Она стянула с себя, не думая, голубой сарафан, в котором провела весь день, который сдавливал ей грудь и талию. Может поэтому так плохо ей было и так физически не хватало воздуха в легких весь день? Сняв с себя ткань, почти въевшуюся в ее плоть, Ино ощутила свободу и прохладу. Небывалую. Никогда еще она не позволяла себя стоять вот так прямо под струями холодного воздуха совершенно нагой. Никогда еще она не заходила за эту грань свободы, сдерживающей ее, словно цепи. Ей в принципе сейчас было наплевать на всё. Даже на то, что она абсолютно голая, когда раньше она так странно и непонятно стыдилась собственной наготы, как чего-то аморального. Точнее, она так не любила свою плоть, неприкрытую одеждой, потому что эта плоть таила в себе язву, болезнь, потому что под этой тонкой кожей миллионами колоний размножались паразиты.
Вуаль морозного воздуха вплотную прикоснулась к ее телу, покрывая уже привыкшую к мурашкам кожу, новым слоем холода. Плевать, она будет спать так, абсолютно голой. Она всё равно не сможет заснуть, как ни будет стараться. Она знала слишком настойчиво и точно, что всю ночь будет анализировать этот сумасшедше-удушливый день со всеми этими масками-лицами.
Ощущая холод под ногами, она прошла, подрагивая всем телом при каждом новом шаге, к кровати. И не спрашивая никого, не думая ни о чем, просто утонула в ней, ощутив каждым атомом своего тела складки-ножи, которые распарывали ее живот своим холодом пропитавшегося ночным воздухом атласа.
Ее внутренности упали наружу сквозь разделенные грани плоского живота. Она чувствовала, как из нее выходит желудок, кишечник, почки, селезенка. С противным звуком, с тянущим, неприятным чувством. Что-то отрывало все внутренне органы от стенок ее мяса.
Или это просто ее фантазия, глупые желания, приукрашенная реальность.

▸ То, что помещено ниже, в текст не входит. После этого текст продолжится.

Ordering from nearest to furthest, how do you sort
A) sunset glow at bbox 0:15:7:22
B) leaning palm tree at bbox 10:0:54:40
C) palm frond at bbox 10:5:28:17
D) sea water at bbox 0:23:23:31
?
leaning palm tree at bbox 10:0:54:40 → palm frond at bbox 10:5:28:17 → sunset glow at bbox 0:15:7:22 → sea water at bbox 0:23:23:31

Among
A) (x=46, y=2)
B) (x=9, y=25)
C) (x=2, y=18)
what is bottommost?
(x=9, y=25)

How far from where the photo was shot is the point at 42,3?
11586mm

Она бы хотела сейчас разбить эту немую ночь хрустальным звуком бьющегося, как стекло, звука. Она бы хотела утонуть в этой постели, но она лишь тихо дышала, приоткрывая рот и выдыхая холодный пар в густую консистенцию ночи. Она лежала на животе, беспомощно опустив руку на пол, касаясь кончиками изящно-длинных пальцев пола. Она была трупом. Лежала, почти не дыша и не шевелясь, и даже холод, бродящей по глади ее спины, уже более не трогал ее и не пробуждал никаких ощущений моральных и физических. Ее голова была повернула к окну, и она неотрывно следила за луной, будто прикованная, привязанная, словно марионетка, про которую все забыли.

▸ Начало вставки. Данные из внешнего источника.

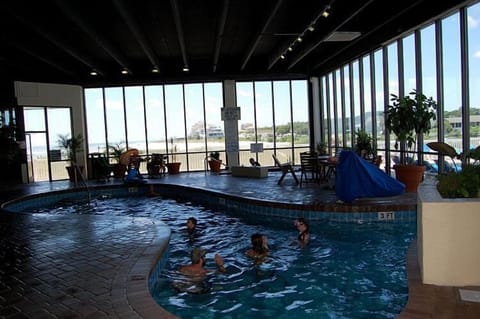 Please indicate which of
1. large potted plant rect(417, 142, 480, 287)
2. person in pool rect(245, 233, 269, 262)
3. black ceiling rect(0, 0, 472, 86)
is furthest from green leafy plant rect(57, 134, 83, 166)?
large potted plant rect(417, 142, 480, 287)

Она ничего не чувствовала. Ни одной их своих граней гангреной души. Ничего.
Да и что еще чувствовать и ощущать? О чем еще думать. Ее новая жизнь была так опустошающе враждебна. Она иссушала внутренности, она сухим ветром пустыни врывалась в ее нутро и стирала оттуда все.
Она просто устала, потому что после сегодняшнего дня ничего не осталось, кроме одиночества, боль которого она уже перестала ощущать, потому что она слишком притупилась, а ее мясо затвердело.
Под ее животом гас первый день ее жизни. Он исторг из себя еще одну ночь ее смерти.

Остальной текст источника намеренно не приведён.